** Data provided **
········
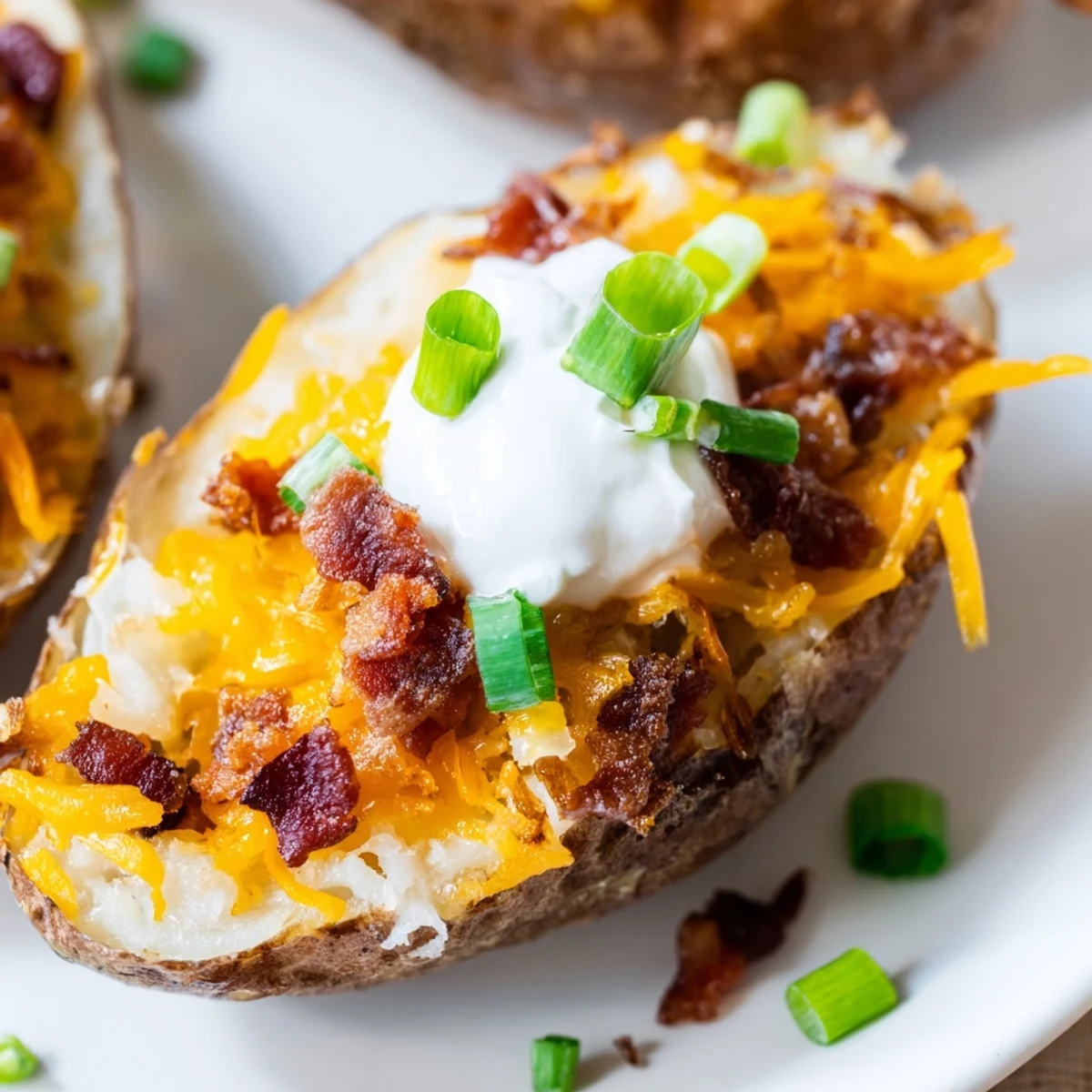 Game-day Super Bowl Loaded Potato Skins with golden shells, melted cheddar cheese, crispy beef bacon, and a dollop of sour cream for dipping.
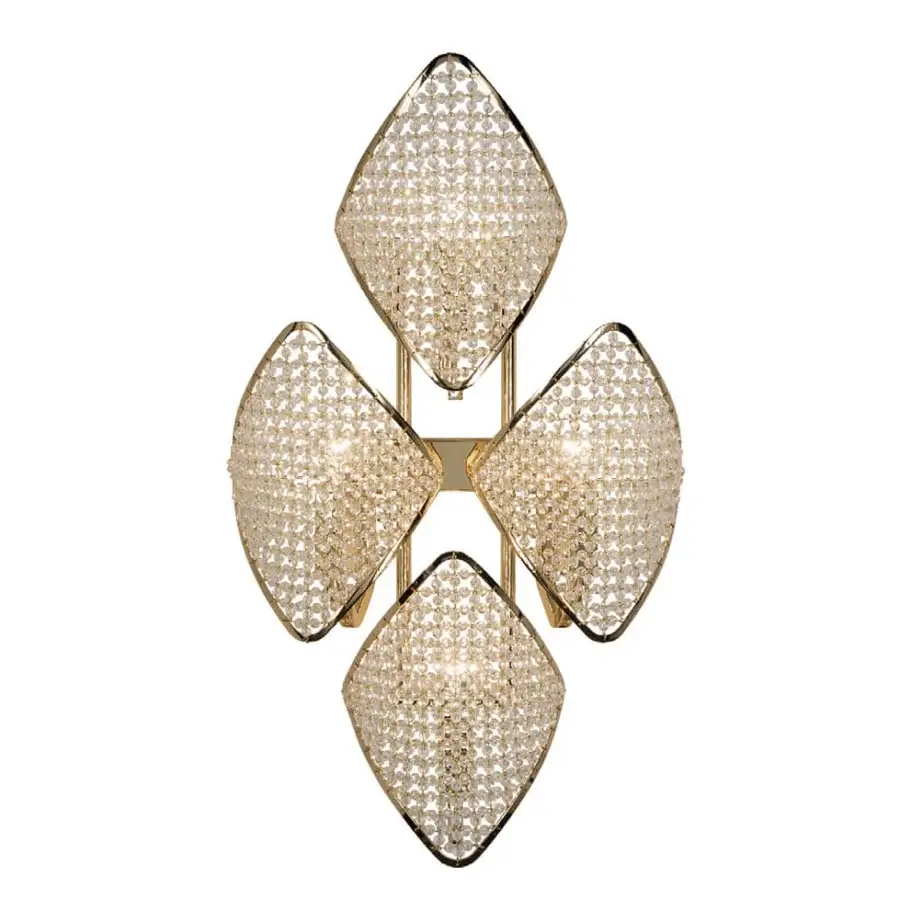 Elegant Patrizia Garganti Holly Wall Lamp crafted with gold metal and crystal elements creating a luminous textured surface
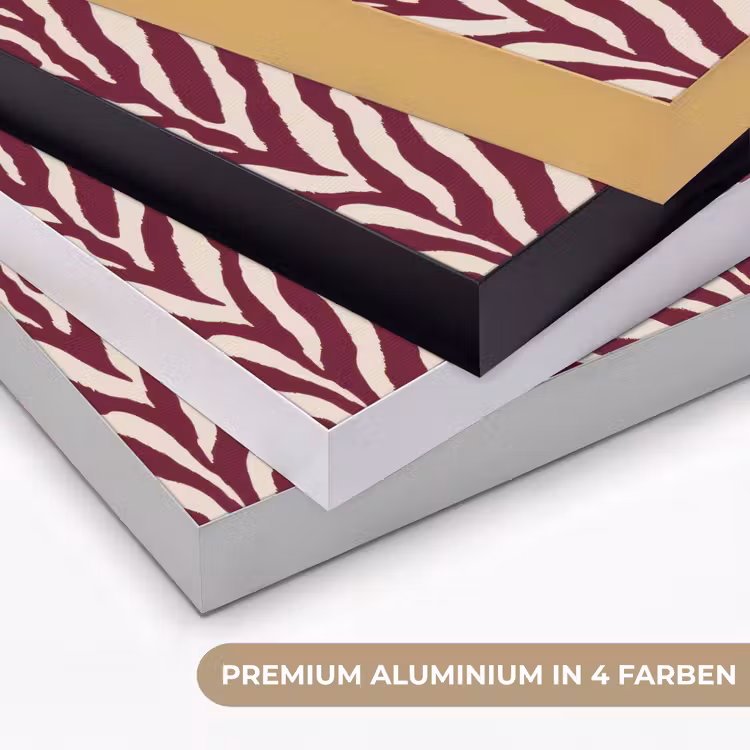 Zebra - Motief - Bordeaux - Rood Textielframe zwart klein 947 -USP_kleurenDE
········
** What needs to be done **
In the listing above, transcribe exactly the lines from the line containing "Elegant Patrizia Garganti" through the last one, both included, but not the pictures.

** Response area **
 Elegant Patrizia Garganti Holly Wall Lamp crafted with gold metal and crystal elements creating a luminous textured surface
 Zebra - Motief - Bordeaux - Rood Textielframe zwart klein 947 -USP_kleurenDE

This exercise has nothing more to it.